- Genre: Nutmeg
- Years active: 1992–present
- Labels: Loosegroove, Nuttsactor 5, Funk To The Max, Ter a Terre
- Members: Lonnie "Meganut" Marshall Spankie Marc Rey Lamont Sydnor Elizabeth Lea John Kirby
- Past members: Keefus Ciancia Finn Hammer Tom-bone Ralls Scott Garrett Audra Cunningham Jellybean Derek "D-Rek" Pierce Mark Cross Gabby Lang Mary Harris Arik Marshall James Gray Zack Najors Trevor Lawrence Todd Simon Tracy Wannomae

= Weapon of Choice (band) =

American funk band

Weapon of Choice is a band from Los Angeles fronted by bass player Lonnie Marshall. They play a mixture of rock, alternative, funk, hip hop, jazz and reggae which Marshall dubbed "Nutmeg". Others refer to their music as P-Funk style music.
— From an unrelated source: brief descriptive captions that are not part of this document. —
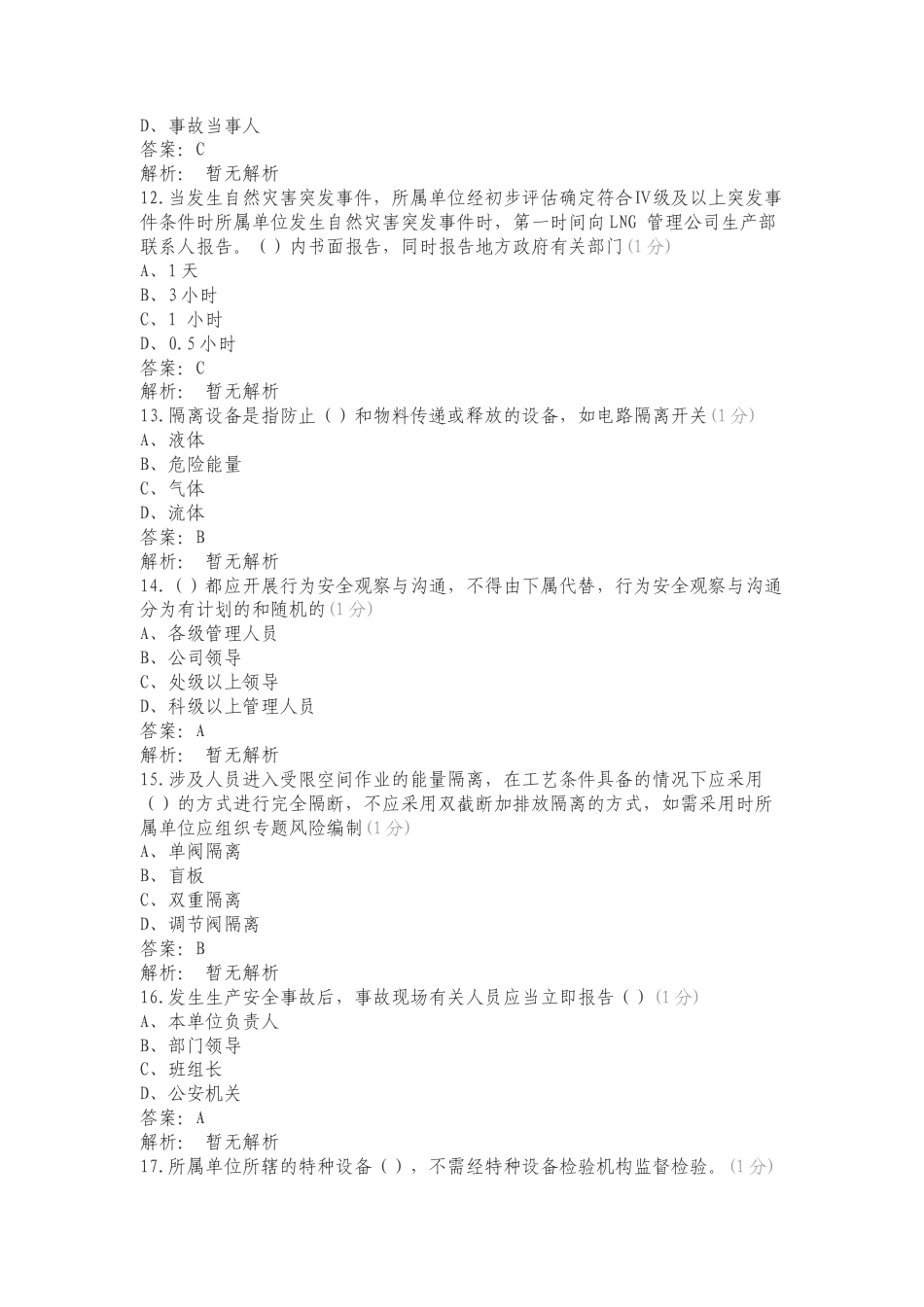 体系审核 管理部分复习试题含答案.doc_第3页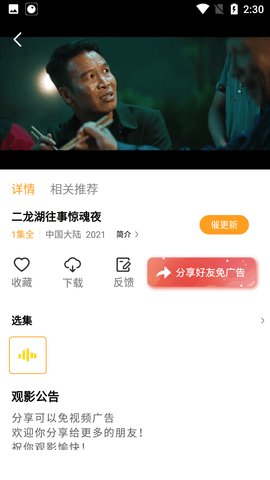 豆角视频app图1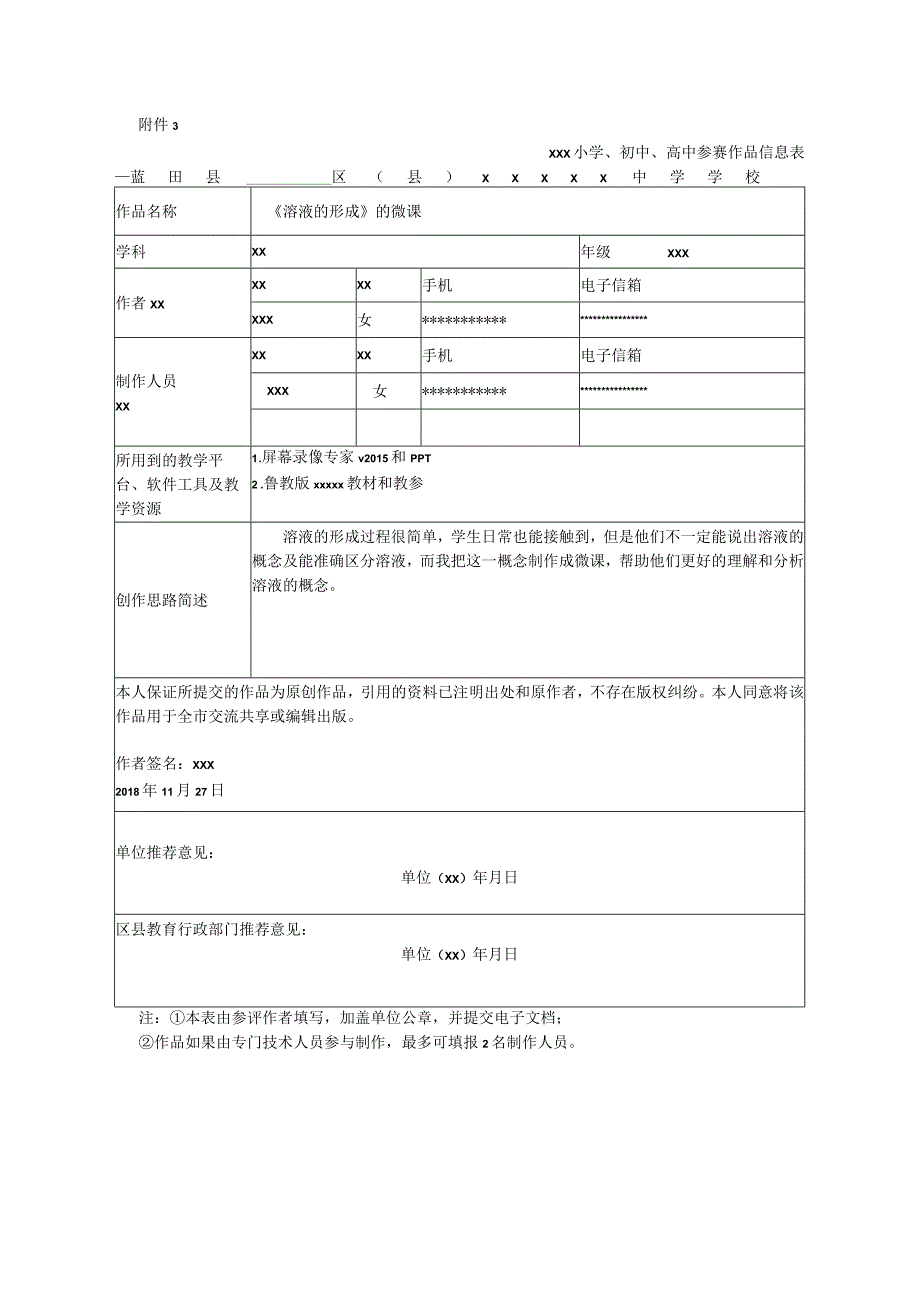 《溶液的形成》_微课大赛微课公开课教案教学设计课件.docx_第1页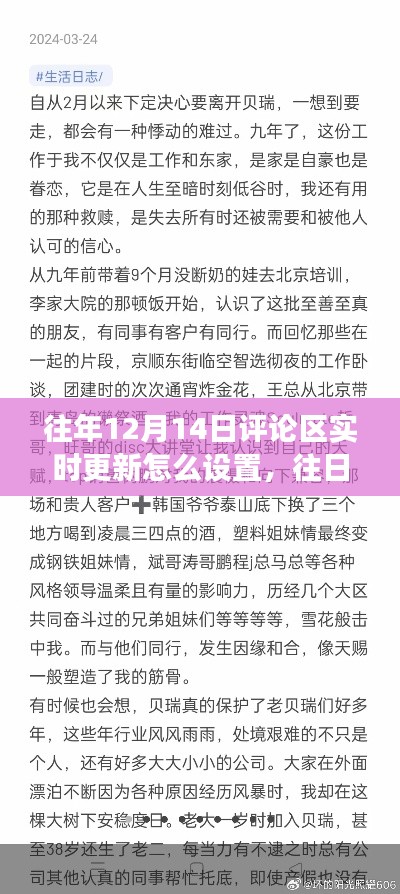 往年荣光再现,揭秘12月14日评论区实时更新的历史变迁与设置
The band was created after the breakup of Marshall's previous band 'Marshall Law' (which included his guitarist brother Arik Marshall, short-term member of Red Hot Chili Peppers in 1992-93). The band signed with Stone Gossard's record label Loosegroove after he saw a video for Marshall Law's Uppity Yuppity. The band went to Seattle and recorded their first album Nut-Meg Sez "Bozo the Town" which was released in 1994. They released two more albums with Loosegroove, Highperspice in 1996 and Nutmeg Phantasy in 1998. The later record was compilation released as benefit album for musical instruments in schools. When Loosegrove folded Weapon of Choice were left without a record company.

A version of the band's song "Nutty Nut-Meg Phantasy", titled "My Nutmeg Phantasy" appears on her 2001 album, The Id. Gray's version features various members of Weapon of Choice, including Marshall, performing on the track. The Tom Morello mix of "My Nutmeg Phantasy" was also included on the soundtrack to the 2002 film Spider-Man. Gray is also seen performing the song in the film.

In 2002 they released Illoominutty (recorded in 1997) on Fishbone's independent label Nuttsactor 5. In 2004 Funk To The Max and Ter a Terre put out another compilation album Color Me Funky.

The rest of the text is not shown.